I maintain that acquisition order can be explained; that it goes straight to human motive and whether a form is
necessary to communicate something that could be communicated without it. Thus the answer is, simply, because they can get away with
not doing it. Because, unlike other forms, there is little price for not worrying about it.
And the calculations of "price" are scientific- psychological with a human dimension, but measurable, different from person to person, and clearly explainable. It is and always will be a mistake to explain such things as due to complexity of the form itself, or someone's inability to understand or know how to conjugate a verb. People "know how" to conjugate a verb. Though there may have been a point at which they didn't "know how" the verb system worked, it is impossible to explain an extremely late acquisition of -s to "knowledge," since they have now heard -s millions of times; they have even produced it millions of times, in other environments, on plural nouns for example, or possessives, when it's far more necessary to convey specific meaning. So it's also not explainable in terms of the complexity of the
sound or the difficulty of producing it under pressure (though I guess that's possible). I think these may be factors, for some learners, especially at the beginning, but in the big picture, for people who are still working with it after 20 years-they begin to fade.

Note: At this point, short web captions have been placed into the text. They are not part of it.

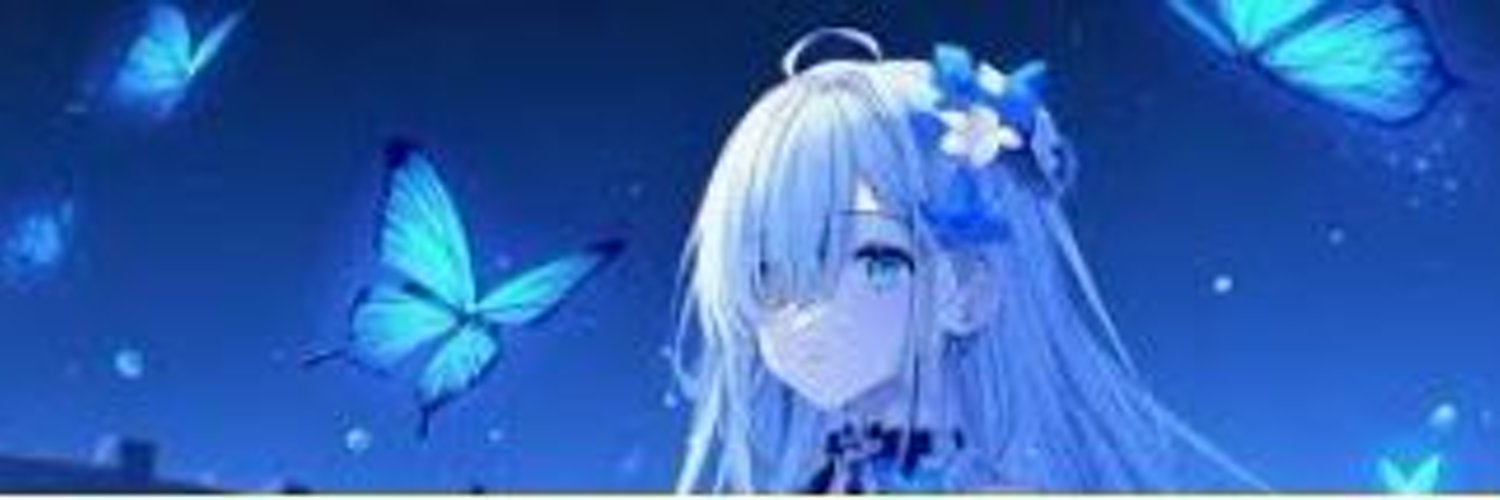 LISA°•Twitch°•Envtuber banner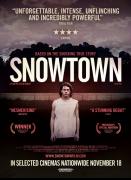 Snowtown screening and Q&A with Daniel Henshall image
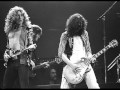 Miniature de la vidéo de la chanson Immigrant Song (Dirty Percy Dub)
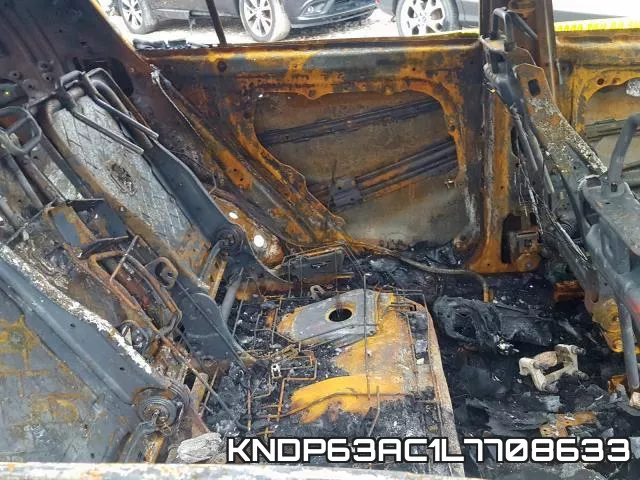 KNDP63AC1L7708633 фото 7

I suspect that if a person were systematic in looking at
all learners (and perhaps somebody has done this), he/she would find that in fact people acquire -s at
all different times in their acquisition history, depending on different independent variables, which could be mapped out and explained, at least theoretically. Why did someone go thirty years and still not get it? And another person pick it up right away? Surely not because of its
essential complexity, or the basic nature of the language itself. Surely people who are looking at this, trying to explain it systematically, have found something they could share. Or, like Krashen, they end up mumbling in their beer, unable, truly, to explain anything?

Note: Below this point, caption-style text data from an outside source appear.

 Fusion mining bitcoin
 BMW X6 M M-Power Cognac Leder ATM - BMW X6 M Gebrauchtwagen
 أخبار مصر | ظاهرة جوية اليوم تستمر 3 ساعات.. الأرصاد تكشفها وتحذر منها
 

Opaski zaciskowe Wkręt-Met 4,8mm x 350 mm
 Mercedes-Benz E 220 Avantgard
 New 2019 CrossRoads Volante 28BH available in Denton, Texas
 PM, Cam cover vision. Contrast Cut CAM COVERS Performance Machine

Labels: krashen, language, learning theory, sla
treasure from the turquoise sea and beyond
As hurricane Dean bears down on the Caribbean, I am just finishing a project that started quite a while ago when a man requested a paper on St. Lucian Creole that was written here at SIUC for Dr. Glenn Gilbert, who retired here a few years ago, and who ran
the Journal of Pidgin and Creole Languages. I looked for the paper, and finally dug it up on the Wayback Archive (
http://www.archive.org/web/web.php) which is a wonderful resource for web history. The best I could figure, the paper went to Ohio State with the JPCL and its files around 2001, then dropped from sight along with a number of other things, around 2005. SIUC had purged its files, as inactive, around 2003; we did nothing about it, because we considered them part of JPCL, not knowing that some other things were on there. At the time the man asked me for the paper, I did a quick search for JPCL and found nothing (maybe I had transposed the letters? spelled something wrong?), before moving on to another project; I was quite busy, but at least I had found a version of the paper for the man who had asked for it.

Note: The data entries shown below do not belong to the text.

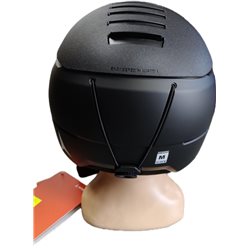 kask narciarski Atomic NOMAD VISOR FLASH I S2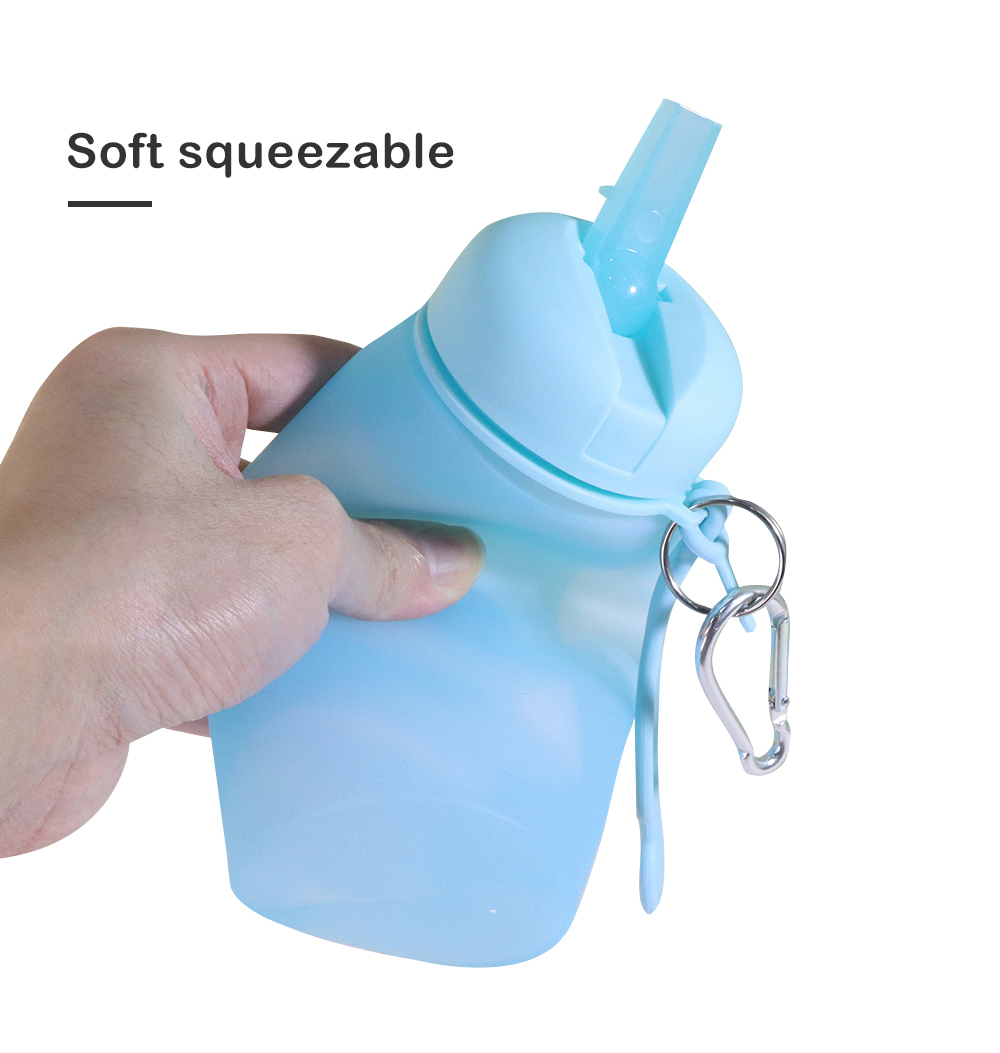 reusable bottles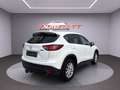 Mazda CX-5 Attraction 2WD Weiß - thumbnail 5
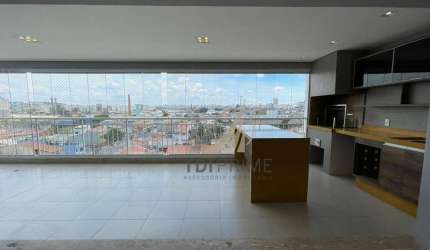 Apartamento com 3 dormitórios, 162 m² - venda por R$ 3.098.000,00 ou aluguel por R$ 14.253,99/mês - Cerâmica - São Caetano do Sul/SP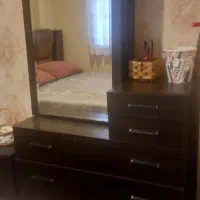 سرویس کامل خواب با تشک نو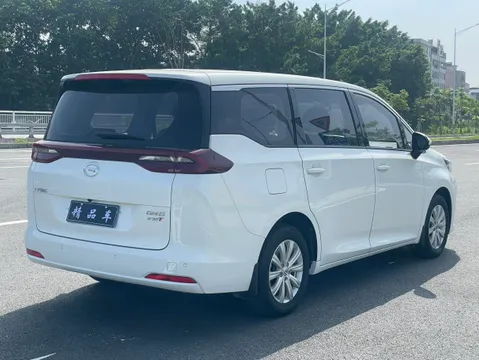 Gac M6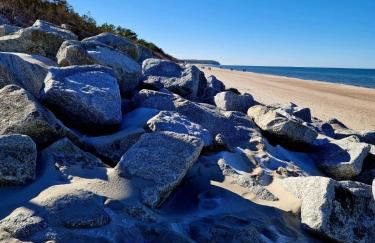 Ferienhaus Diana mit Sauna und Whirlpool Polnische Ostsee - Photo 78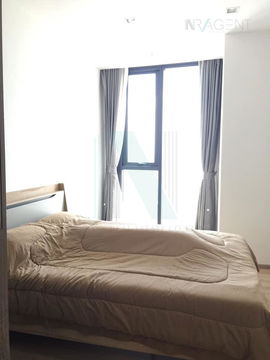 For rent, The Line Phahon-Pradipat, 1 bedroom, 29th floor, Building 1, near BTS Saphan Khwai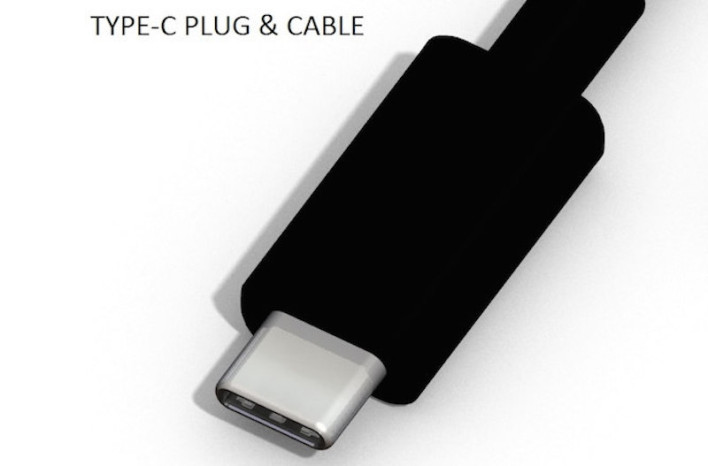 New USB Type-C Cable Will Soon Be Released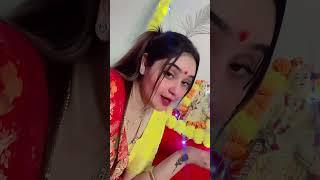 Prerna Sharma latest video ️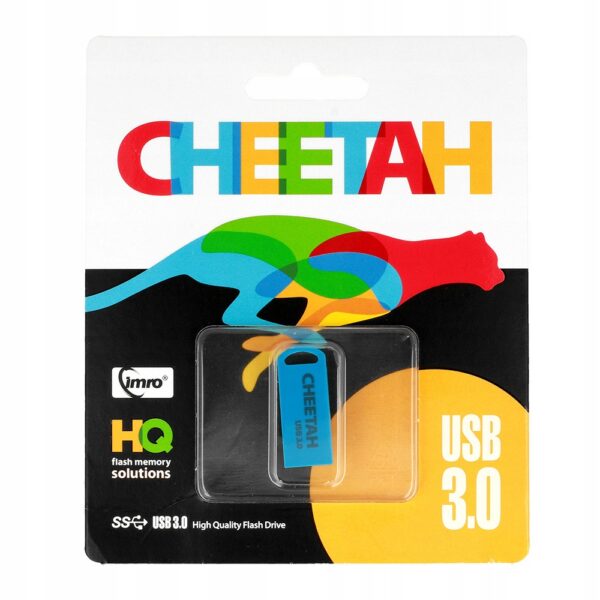 Imro pendrive 8GB USB 3.0 Cheetah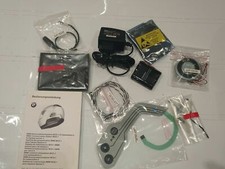 interfono casco 5 Intercom installation kit helmet 5 BMW 72607767607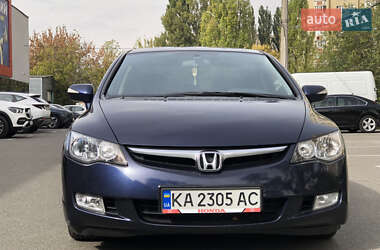 Седан Honda Civic 2007 в 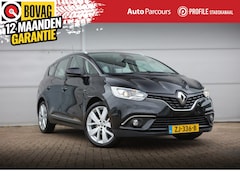Renault Grand Scénic - 1.3 TCe Limited 7p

It disturbed me, though, and also awakened something in me: I had researched a similar Arawak language, in fact, the entire Arawak family, in graduate school, and this Creole had traces of it; furthermore, work on a small but important language, that was clearly valuable (to two guys, including me, at least), shouldn't be allowed to just disappear like that. My quick and faulty search, though, I don't remember well. JPCL in fact had not disappeared; it's still at Ohio State, and it's not even hard to find, if you get its name right. Not knowing this a month ago, however, I returned to those files, and restored several graduate papers, on languages as diverse as Tok Pisin (Papua New Guinea), Shelta/Gammon (British Isles), Mauritian Creole, and Old Bulgarian. When I was done, I finished an
index page, but this time decided to link to some other JPCL material, and in that process found the new JPCL site, which then made me worried about what I was doing with respect to the copyright of the material, and the images on the restored index page.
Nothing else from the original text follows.